I had run into her a few years before when I went to borrow either a cup of sugar or a bottle of wine from my neighbor Mary Holland, and Alice was just coming out the door with a few others from some neighborhood committee. She stopped on the steps and we started talking about our favorites from The Golden Book of Song, which was practically a textbook at School #80. Alice promised to invite me over some time to talk about our old teachers and belt out a few numbers from The Golden Book, but like most good intentions, it hadn’t come to pass, so a few weeks ago I called Alice and invited myself over.
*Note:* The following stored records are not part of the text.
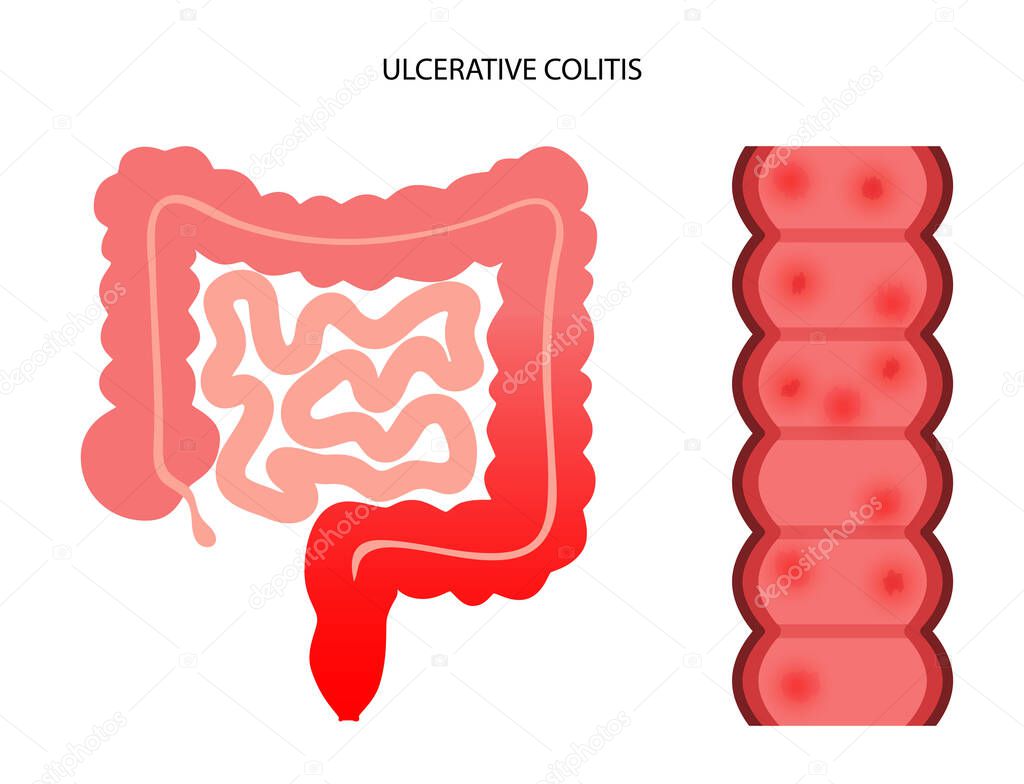 intestine ulcerative colitis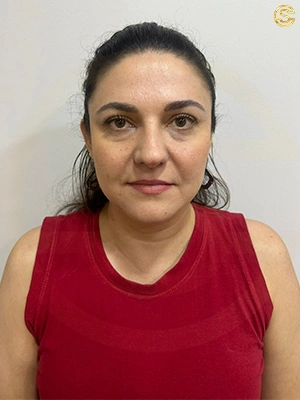 Foto antes e depois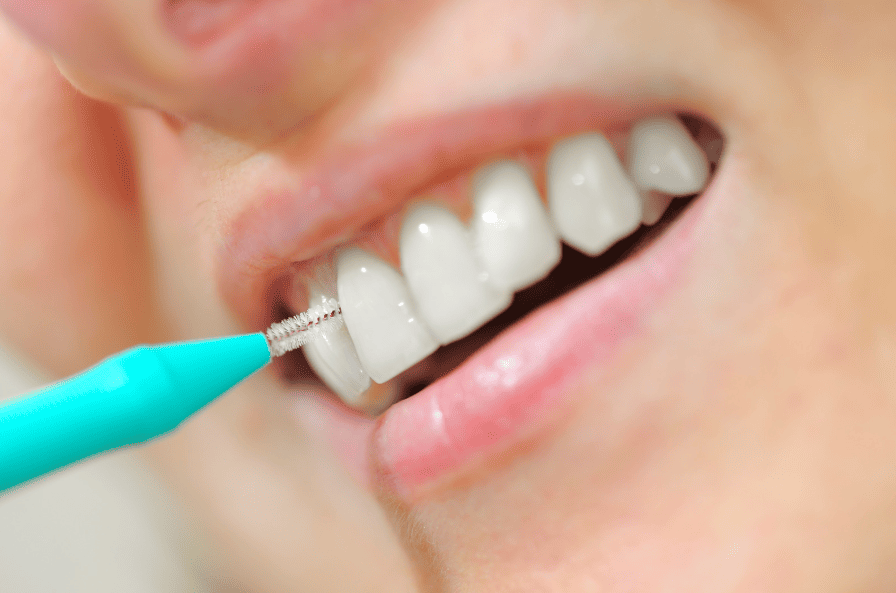 Who Should Use an Interdental Brush 牙縫刷適合什麼人士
She still has a copy of The Golden Book of Song, and opening it is like opening a box of Proust’s madelines. The names of songs – “The Old Oaken Bucket,” “Merrily We Roll Along,” “Sweet and Low,” “Men of Harlech,” “Columbia, the Gem of the Ocean . . .” bring back scenes of every season of childhood. The deepest memory The Golden Book music evokes for me is a balmy spring afternoon when the classroom windows are open and a soft breeze blesses us all, as we’re gently lifted “On Wings of Song.” I can hear as clear as day the voice of Sandra Anderson singing the soprano solo in “Hiawatha,” the sound bringing with it an essence of spring as true as a green bud just about to burst – as we were too, and didn’t know it.
The music makes teachers materialize – Miss Shute and Mrs. Grimes, Miss Shaw and Miss Wheeler. Both Alice and I remember Miss Louise McCarthy, the teacher who was most un-popular then, and now seems the one who may have taught us the most.
“She made us always write in complete sentences,” Alice remembers, “And to make outlines before we wrote.”
“And she taught us to think,” I say.
Sometimes she shocked us. In the spring of seventh grade, we were studying American history, and Miss McCarthy was telling us how America took The Philippines. It didn’t seem “fair” or “democratic,” and Miss McCarthy could see we were we unsettled and disturbed by our country’s methods of conquest – and then she really knocked us for a loop.
“Do you think America is always right?” Miss McCarthy asked the class, the very question seeming subversive; and then she wagged her finger at us slowly back and forth and said, “Why, not at all, Seven-Bs, not at all!”
Our minds reeled. This was a new way of looking at things, a perspective we had never seen before. Years later, this revolutionary lesson from Miss McCarthy came to mind when I heard Kurt Vonnegut asked in an interview: “Where did you get your radical ideas?” and Vonnegut answered proudly – and without hesitation – “The Public Schools of Indianapolis.”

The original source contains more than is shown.